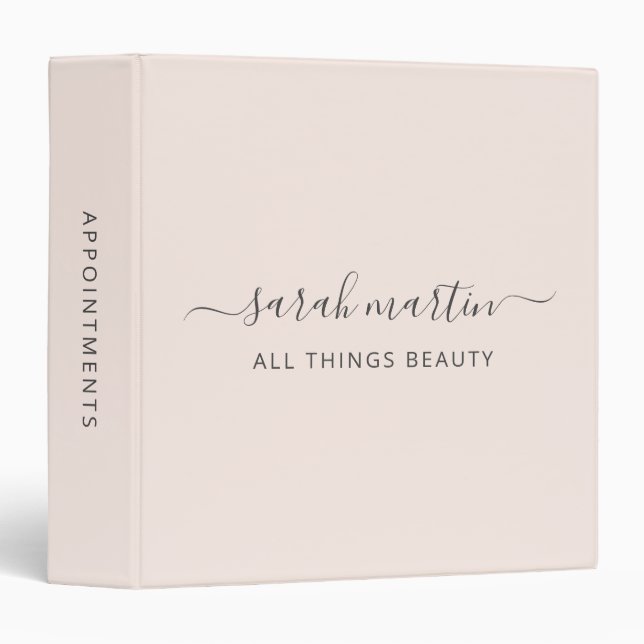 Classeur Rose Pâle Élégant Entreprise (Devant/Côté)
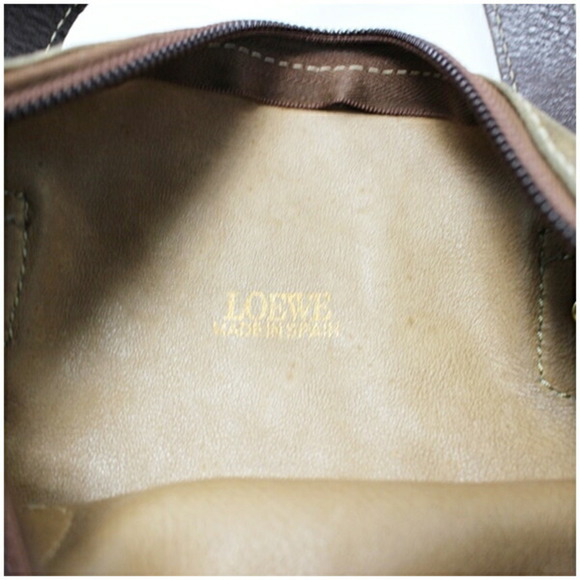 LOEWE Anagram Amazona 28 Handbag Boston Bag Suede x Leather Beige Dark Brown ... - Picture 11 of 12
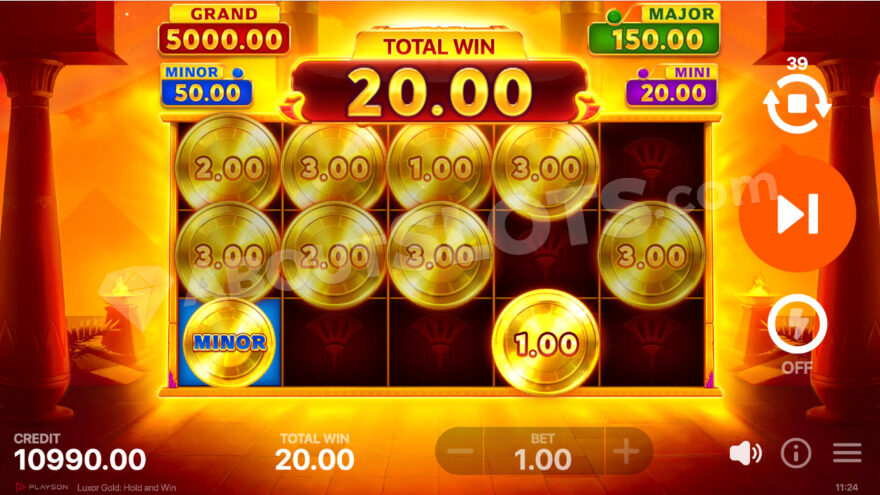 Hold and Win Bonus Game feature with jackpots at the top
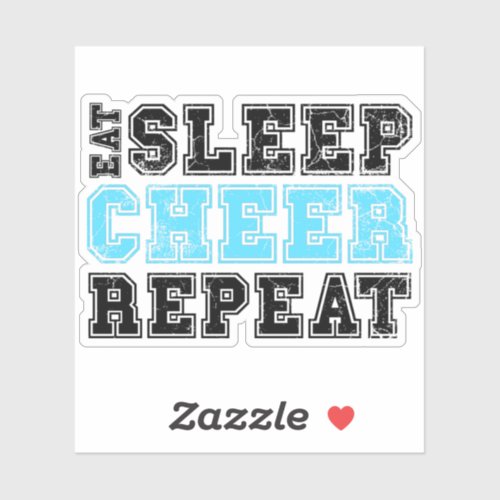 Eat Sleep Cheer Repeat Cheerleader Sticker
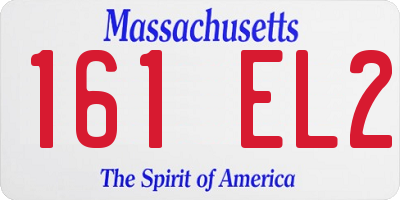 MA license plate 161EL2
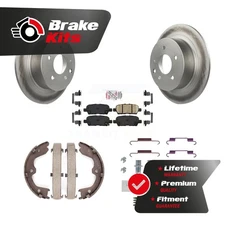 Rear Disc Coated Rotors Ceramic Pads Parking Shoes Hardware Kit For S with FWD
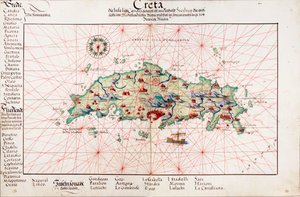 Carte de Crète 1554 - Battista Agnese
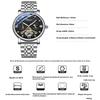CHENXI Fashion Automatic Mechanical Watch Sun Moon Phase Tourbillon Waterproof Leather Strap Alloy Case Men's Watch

> Work instructions:
Among the records above, locate the line containing "LOEWE Anagram Amazona" and the line containing "MA license plate 161EL2", then transcribe exactly the lines starting at the first and ending at the second, with no pictures.

> Exercise answer:
 LOEWE Anagram Amazona 28 Handbag Boston Bag Suede x Leather Beige Dark Brown ... - Picture 11 of 12
 Hold and Win Bonus Game feature with jackpots at the top
 Eat Sleep Cheer Repeat Cheerleader Sticker
 MA license plate 161EL2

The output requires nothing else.